A Copa de 30

Em crônica de Futebol ao Sol e à Sombra, o escritor uruguaio reconstrói a atmosfera da época em que foi realizada a primeira Copa do Mundo.

Eduardo Galeano 13 jun 2018, 18:18

Um terremoto sacudia o sul da Itália enterrando mil e quinhentos napolitanos, Marlene Dietrich interpretava O Anjo Azul, Stalin culminava sua usurpação da revolução russa, o poeta Vladimir Maiacovski se suicidava. Os ingleses jogavam Mahatma Gandhi, que exigindo independência e querendo pátria tinha paralisado a índia, na prisão, enquanto sob as mesmas bandeiras Augusto César Sandino levantava os camponeses da Nicarágua nas outras índias, as nossas, e os marines norte-americanos tentavam vencê-lo pela fome incendiando as colheitas.
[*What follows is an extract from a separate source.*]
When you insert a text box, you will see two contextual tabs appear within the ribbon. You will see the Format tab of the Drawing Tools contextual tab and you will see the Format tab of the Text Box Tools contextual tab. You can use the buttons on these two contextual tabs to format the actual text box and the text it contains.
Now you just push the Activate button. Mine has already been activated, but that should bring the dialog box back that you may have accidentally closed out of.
Nos Estados Unidos havia quem dançasse o recente boogie-woogie, mas a euforia dos loucos anos vinte havia sido nocauteada pelos ferozes golpes da crise de 29. A Bolsa de Nova York tinha caído a pique e, em sua queda aviltou os preços internacionais e estava arrastando para o abismo vários governos latino-americanos. No despenhadeiro da crise mundial, a ruína do preço do estanho derrubava o presidente Hernando Siles, na Bolívia, e colocava em seu lugar um general, e a queda dos preços da carne e do trigo derrubava o Presidente Hipólito Yrigoyen, na Argentina, e em seu lugar instalava outro general. Na República Dominicana, a queda do preço do açúcar abria o longo ciclo da ditadura do também general Rafael Leónidas Trujillo, que inaugurou seu poder batizando com seu nome a capital e o porto.

No Uruguai, o golpe de Estado ia estourar três anos depois. Em 1930, o país só tinha olhos e ouvidos para o primeiro Campeonato Mundial de Futebol. As vitórias uruguaias nas duas últimas olimpíadas, disputadas na Europa, tinham transformado o Uruguai no inevitável anfitrião do primeiro torneio.
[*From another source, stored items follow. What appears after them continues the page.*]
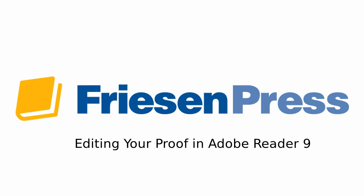Hi and welcome to the video instructions for editing your proof in Adobe Reader. First of all, congratulations on getting a proof. This is a major milestone and we are happy that you're able to see a product.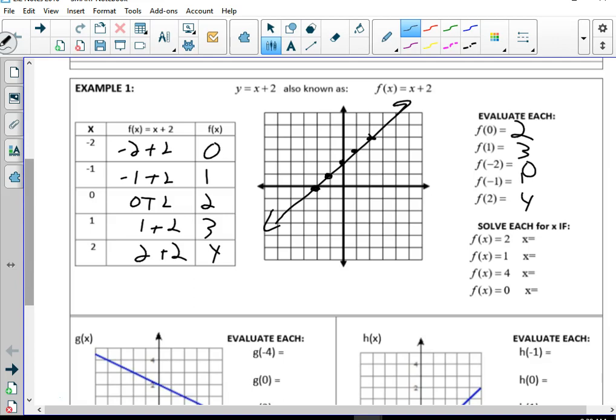That's all the same — when you plug those numbers in for x, what do you get for y? And then this is working backwards. If f(x) is 2, in other words if y is 2, what is x? y of 2, x of 0. y of 1, x of negative 1. y of 4, x of 2. y of 0, x of negative 2.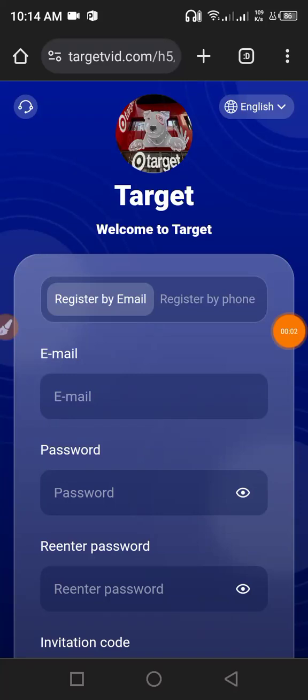Hello guys, welcome to my channel Crypto World. In this video I will tell you about a new USDT earning website. This is a large USDT website and a long-term USDT website where you can earn a lot of USDT. It is always available in the video description.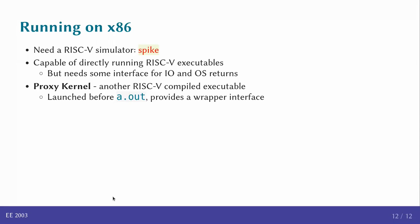That brings us to the end of this review of how we can run basic RISC-V executables. In future, we will be looking deeper into the instruction set, how we can actually start implementing it and verifying the different functionality.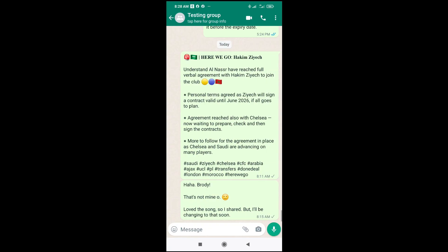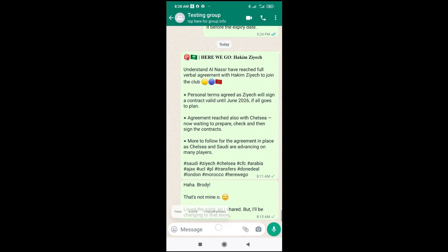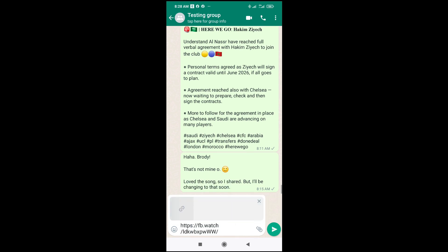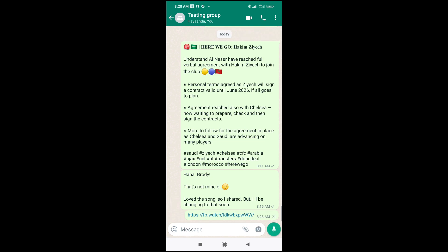Click right here, then press it down — long press — then click on paste. As you can see, the link which I copied has now been pasted. You can then send it.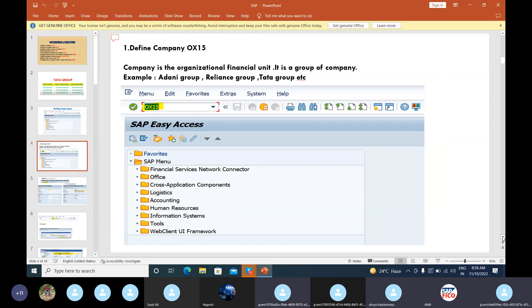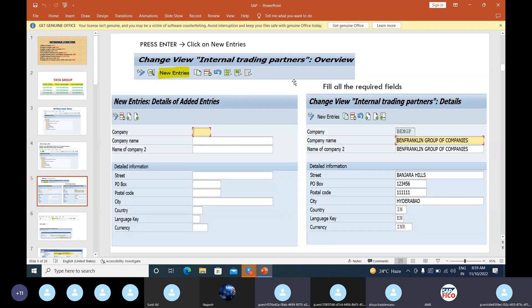Now let's start with our configuration. Our first configuration is nothing but define company — we have to define a group of company first. The T-code will be OX15. We will be having different group of companies like Adani Group, Reliance Group, Tata Group. We have to give OX15 in the command field then press Enter, then click on New Entries because we have to create a group of company.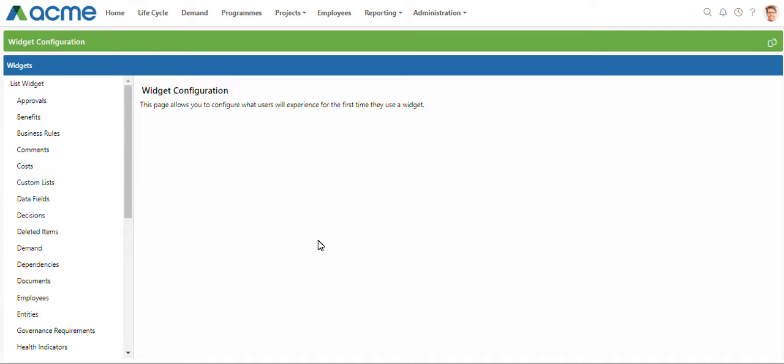This is the start of our widget journey, so this page that I'll be showing you on the right hand side will include more down the line, but let's get into it.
Doze nações chegaram ao porto de Montevidéu. Toda a Europa estava convidada, mas só quatro seleções européias atravessaram o oceano até estas praias do sul:

– Isso está muito longe de tudo – diziam na Europa – e a passagem sai cara.

Um navio trouxe da França o troféu Jules Rimet, acompanhado pelo próprio Dom Jules, presidente da FIFA, e pela seleção francesa de futebol, que veio contrariada. O Uruguai estreou com bumbos e pratos um monumental cenário construído em oito meses. O estádio se chamou Centenário, para celebrar o aniversário da Constituição que um século antes tinha negado direitos civis às mulheres, aos analfabetos e aos pobres. Nas arquibancadas não cabia nem um alfinete quando Uruguai e Argentina disputaram a final do campeonato. O estádio era um mar de chapéus de palha. Também os fotógrafos usavam chapéus, e câmaras com tripés. Os goleiros usavam gorros e o juiz vestia um calção negro que lhe cobria os joelhos.
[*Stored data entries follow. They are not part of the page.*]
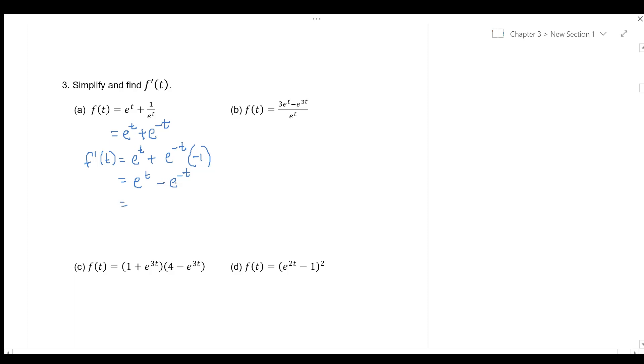we will get e to the power of t minus e to the power of negative t. Bring e to the power of negative t to the denominator. So,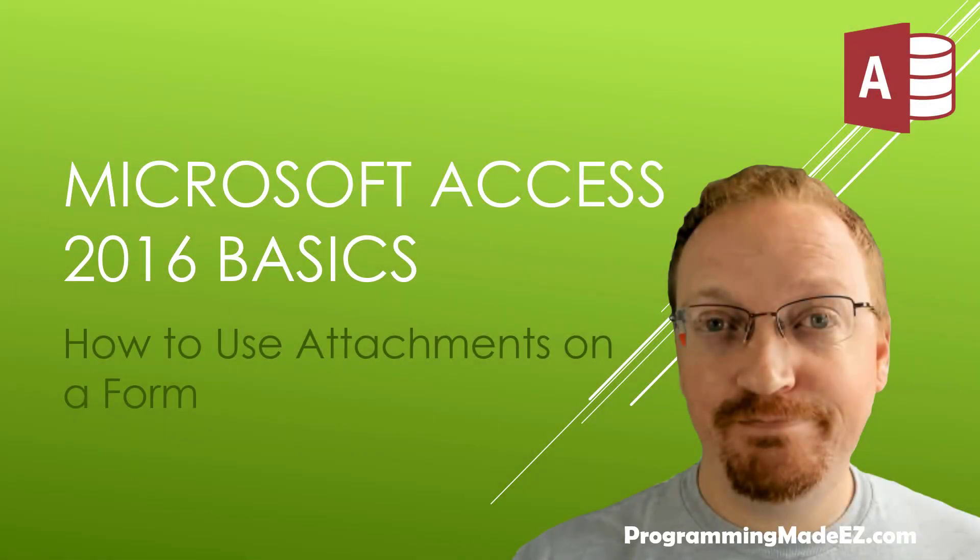Hello everyone and welcome back to Microsoft Access 2016 Basics. My name is Steve Bishop and in this video we're going to be taking a look at how to use attachments on a form.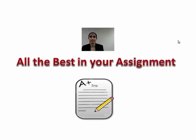I hope this lesson has given you a good idea of how to write a good assignment. All the best in your assignment!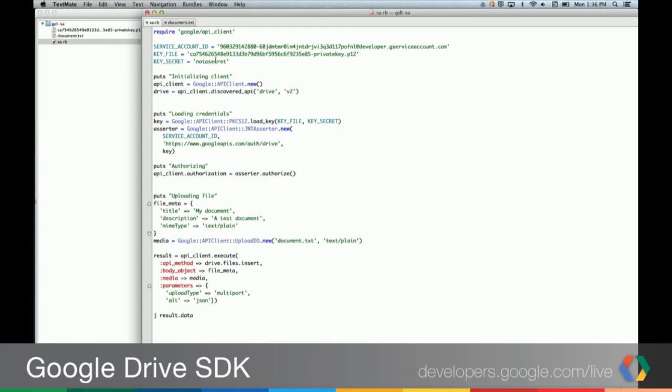So we have our key file. This is one that we just downloaded earlier. Again, it's a PKCS12 file. And we also have the secret to unlock the private key. In this case, just not a secret. The rest of this actually follows very similar to how OAuth works in general. We initialize the client. We have the API we want to discover. In this case, Google Drive.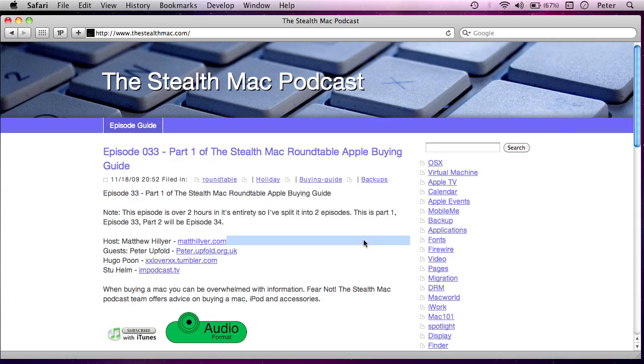Hi, this is Peter Upvold and welcome to this screencast episode of the Stealth Mac Podcast. Now in this screencast I'm going to try and introduce the terminal within Mac OS X, show how to start it up and introduce a few key concepts that might help you to understand what the terminal is and how to use it a bit better.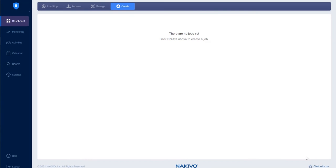Hello and welcome to this Nakivo Backup and Replication tutorial. In this video, you'll learn how to create a local backup repository.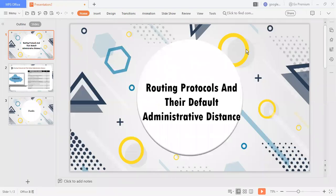Hello friends, this is Gauru. I will discuss the routing protocols and their default administrative distance.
A final da Copa de 30 não mereceu mais que uma coluna de vinte linhas no jornal italiano La Gazzetta dello Sport. Afinal de contas, estava se repetindo a historia das Olimpíadas de Amsterdam, em 1928: os dois países do rio da Prata ofendiam a Europa mostrando onde estava o melhor futebol do mundo. Como em 28, a Argentina ficou em segundo lugar. O Uruguai, que ia perdendo de 2 a 1 no primeiro tempo, acabou ganhando por 4 a 2 e sagrou-se campeão. Para apitar a final, o belga John Langenus tinha exigido um seguro de vida, mas não aconteceu nada mais grave que algumas escaramuças nas arquibancadas. Depois, um bando apedrejou um consulado uruguaio em Buenos Aires.

O terceiro lugar no campeonato foi para os Estados Unidos, que tinham em suas fileiras alguns jogadores escoceses recém naturalizados e o quarto lugar ficou com a Iugoslávia.

Nem uma só partida terminou empatada. O argentino Stábile liderou a lista de artilheiros, com oito gols, seguido pelo uruguaio Cea, com cinco. O francês Louis Laurent fez o primeiro gol da história dos mundiais, jogando contra o México.

Crônica publicada em Futebol ao Sol e à Sombra.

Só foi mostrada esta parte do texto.